Once you arrive at the Upper Station, you can stroll around and take in the incredible views. There’s also a small gift shop and Summit Restaurant to check out. We were keen to get to the actual summit of Whistlers Mountain and there’s a well marked trail to guide you there. It’s about a 20-30 minute hike straight up. There could be snow. It’ll most definitely be windy. Bring gloves and an ear mask if you’re prone to ear aches. I wasn’t expecting to hike, so we were wearing runners, had no water and were fine. Still, better to plan ahead.
Visit Spirit Island
Spirit Island, one of the most iconic Canadian sites is only accessible by water. If you’ve got the arm strength, you can paddle out there (6-8 hours!), but far better to settle into the Maligne Lake Boat Cruise. I’ll be honest, I thought this one was going to be a snoozer, but it wasn’t. It’s just so darn pretty with the Maligne Mountain Range on your right and the Queen Elizabeth Mountain Range on your left.
Of course you’ll learn interesting tidbits along the way, but I was most fascinated to hear that Her Royal Highness herself has yet to visit this mountain range, despite having several trips to Jasper under her belt. What makes Spirit Island so notable is that it’s sacred ground for the Stoney Nakoda People (so you won’t be able to actually walk upon it). It’s also encircled by an entire mountain range (Queen Elizabeth), which is quite rare. And the cruise itself is one Instagram moment after the next.
After your boat tour, you can walk along the easy Mary Schaffer loop or rent a canoe from the lakeside boathouse.
Where to Eat in Jasper
Like many resort towns, there’s no shortage of restaurants. Where to eat in Jasper depends on if you’re with kids and what kind of food you’re hankering for. Here’s a few diverse eateries that caught our eye.
Don’t let the sports bar atmosphere steer you away from Downstream. Their take on elevated pub food even caught the attention of the Food Network Canada’s, You Gotta Eat Here. While we didn’t go for the famed elk sirloin or smoked duck club, I was delighted with our choices. My salmon was perfected cooked (often restaurants overcook it) and my daughter’s burger was so juicy, I kept stealing bites.

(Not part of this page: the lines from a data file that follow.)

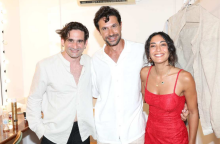 Πώς αντέδρασε σε ερώτηση δημοσιογράφου ο Οδυσσέας Παπασπηλιόπουλος για την Ευγενία Σαμαρά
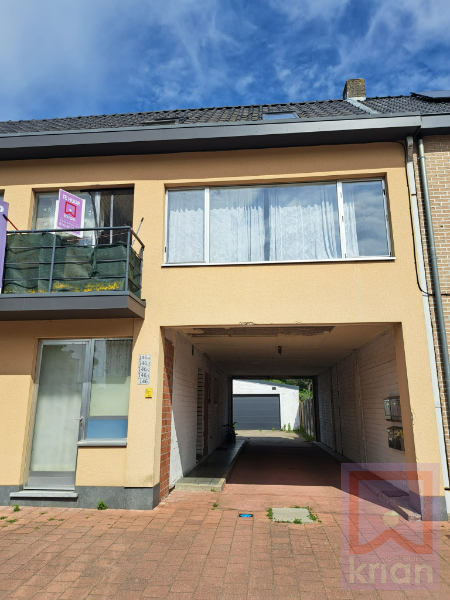 Apartment in Geel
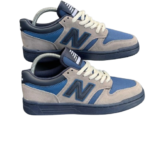 New Balance 2002R "Grey Beige Navy"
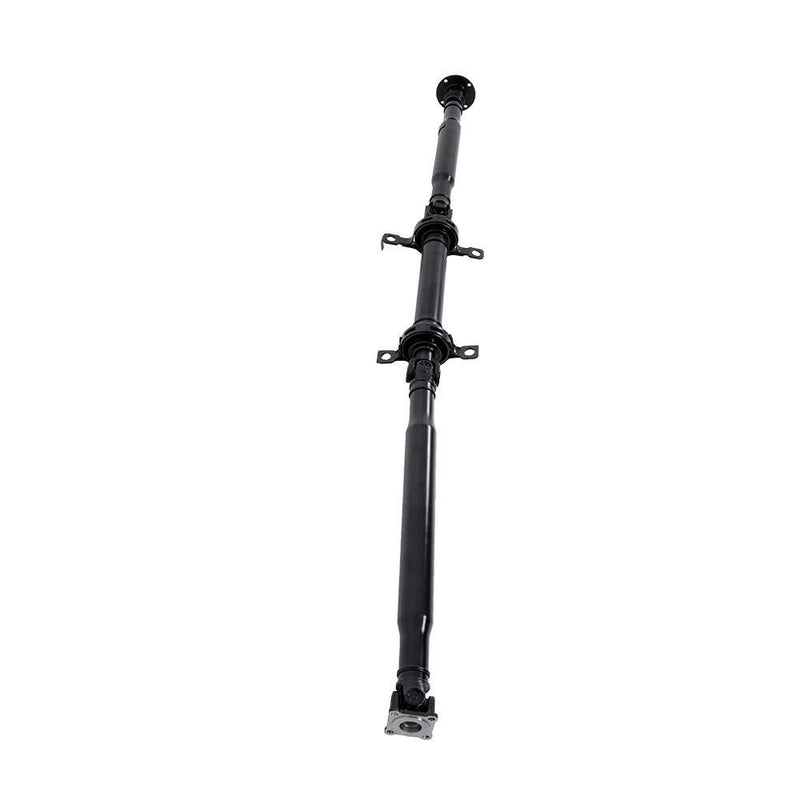 DURAFORCE For 07-08 Lincoln MKX Ford Edge 7T4Z4R602AFC 3-Piece Rear Drive Shaft Assembly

The mussels (served in a massive 8” wide cocktail glass) were also a hit. Portions are large, so keep that in mind if you’re a dessert lover.
Maligne Canyon Wilderness Kitchen
The thing to order at this restaurant is their wilderness platter, so you get a bit of all their greatest hits – brisket, baby back ribs, smoked chicken, venison sausage, mac & cheese, garlicy fries, baked beans and a trio of sauces. It’s finger lickin’ good and good value to boot.
Jasper Pizza Place
If you’re craving pizza, you won’t be disappointed at Jasper Pizza Place. Try and snag a coveted table on their rooftop patio, and indulge in either a wood burning pizza or traditional, North American-style thicker crust. Their crust really is fantastic, their salads fresh and their calamari had to be eaten two days in a row by my daughter.
Local’s favourite, Coco’s Cafe, is a no-brainer for breakfast. Their green salsa packs a punch and they’re generous with their portions. Be sure to stock up on their homemade bread, vegan bars and cookies.
Set on a bluff overlooking the confluence of the Athabasca and Miette rivers, Tekarra Restauant is situated in a pine cabin, next to adorable cabins. They’re known for their fish and we quickly polished off an order of smoked trout nori rolls, a satisfying starter with plenty of depth. Steps away from the restaurant is a playground for kids to amuse themselves before dinner arrives. Just keep an eye out for the elk, sure to be not far away, nibbling on grass.
Have you ever been to Jasper National Park? What are your favourite things to do there?